Pictures stay out of the copy. Retype exactly the lines below from the one with "A red double-decker" through the one with "Chocolate chip cookies with milk on marble".

- [Extracted data]

Start of Block

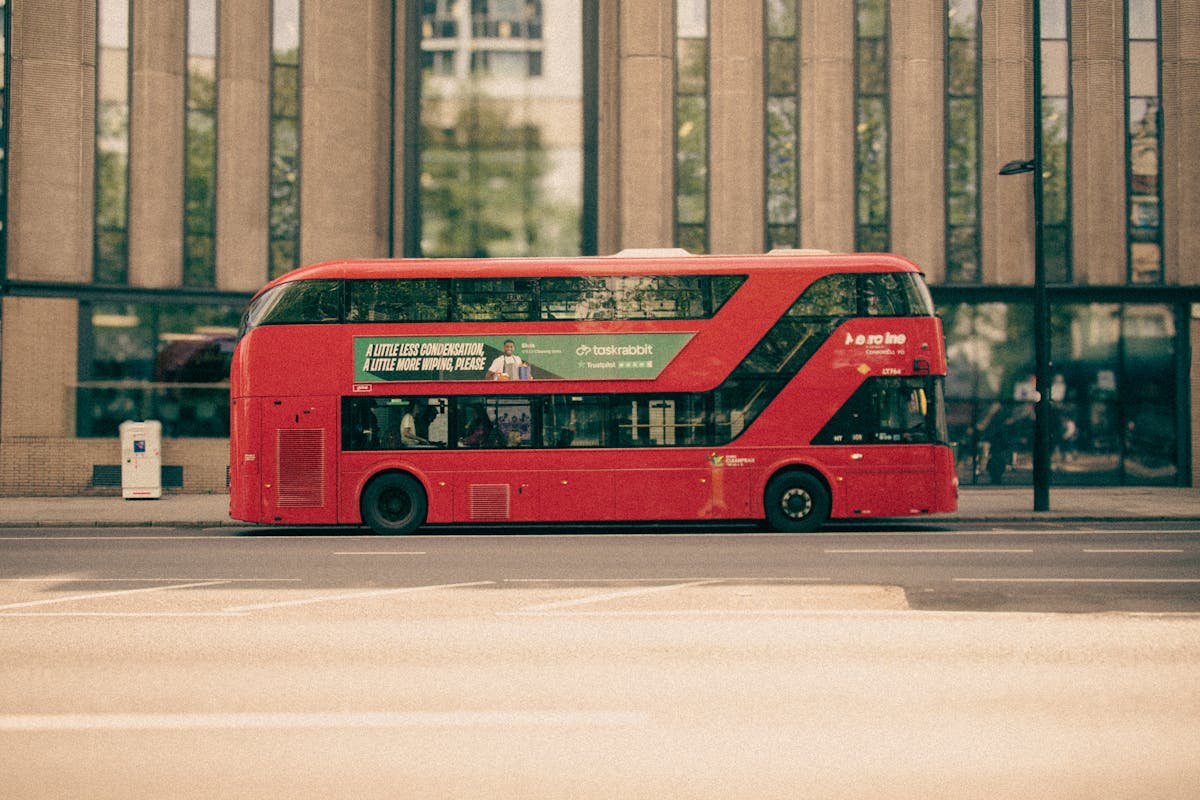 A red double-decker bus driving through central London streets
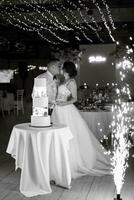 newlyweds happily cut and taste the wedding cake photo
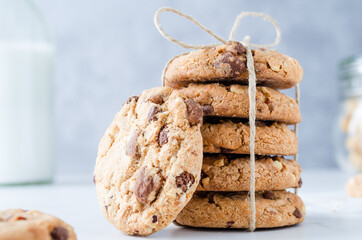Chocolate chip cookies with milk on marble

End of Block
Start of Block

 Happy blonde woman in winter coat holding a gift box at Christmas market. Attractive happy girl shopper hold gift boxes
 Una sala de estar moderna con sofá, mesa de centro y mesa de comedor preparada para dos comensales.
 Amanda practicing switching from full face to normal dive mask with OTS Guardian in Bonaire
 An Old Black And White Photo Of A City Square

End of Block
Start of Block

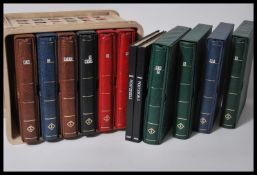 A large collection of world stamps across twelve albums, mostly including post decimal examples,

End of Block

- [Exercise response]
 A red double-decker bus driving through central London streets
 newlyweds happily cut and taste the wedding cake photo
Chocolate chip cookies with milk on marble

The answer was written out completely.